Question

If \( z = e^{2\pi i / 3} \), then \( 1 + z + 3z^2 + 2z^3 + 2z^4 + 3z^5 \) is equal to:

• A. \( -3e^{\pi i / 3} \)
• B. \( 3e^{\pi i / 3} \)
• C. \( 3e^{2\pi i / 3} \)
• D. \( -3e^{2\pi i / 3} \)
• E. \( 0 \)

Hint:

When you see $e^{2\pi i / n}$, you are working with $n$-th roots of unity. Always group the terms in sets of $n$ to exploit the fact that their sum is zero.

Answer 1

The Correct Option is A

Concept: The value \( z = e^{2\pi i / 3} \) is one of the complex cube roots of unity, commonly denoted as \( \omega \). Properties of \( \omega \):
• \( \omega^3 = 1 \)
• \( 1 + \omega + \omega^2 = 0 \) We simplify the given expression using these properties.
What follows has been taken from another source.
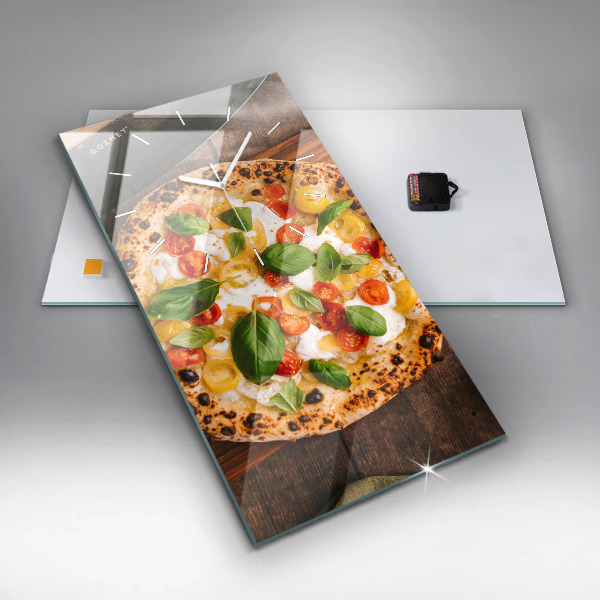 Modern vertical wall clock Italian pizza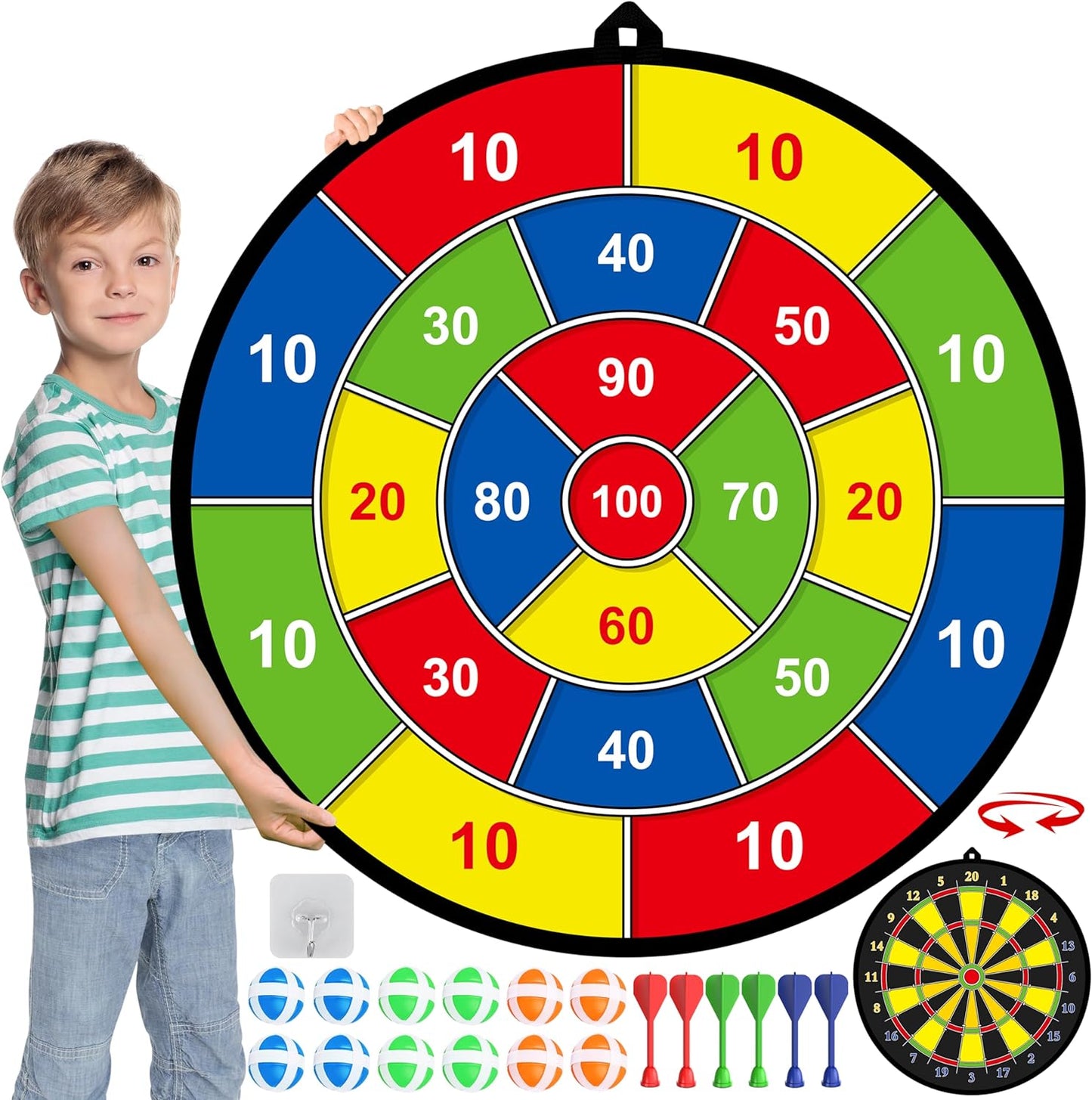 RYNX | Large Double-Sided Dartboard For Kids – Play, Learn And Relax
Step 1: Simplify higher powers of \( z \).
Using \( z^3 = 1 \): \[ z^3 = 1 \] \[ z^4 = z^3 \cdot z = z \] \[ z^5 = z^3 \cdot z^2 = z^2 \]

Step 2: Substitute back into the expression.
\[ 1 + z + 3z^2 + 2(1) + 2(z) + 3(z^2) \] Combine like terms: \[ (1 + 2) + (z + 2z) + (3z^2 + 3z^2) \] \[ 3 + 3z + 6z^2 \] \[ 3(1 + z + 2z^2) \]

Step 3: Apply \( 1 + z + z^2 = 0 \).
Since \( z^2 = -(1 + z) \): \[ 3(1 + z + 2z^2) = 3(1 + z + z^2 + z^2) = 3(0 + z^2) = 3z^2 \]

Step 4: Express in exponential form.
\( 3z^2 = 3(e^{2\pi i / 3})^2 = 3e^{4\pi i / 3} \). Note that \( e^{4\pi i / 3} = e^{4\pi i / 3 - 2\pi} = e^{-2\pi i / 3} \). Also, \( e^{4\pi i / 3} = e^{\pi i} \cdot e^{\pi i / 3} = -1 \cdot e^{\pi i / 3} \). \[ 3z^2 = -3e^{\pi i / 3} \]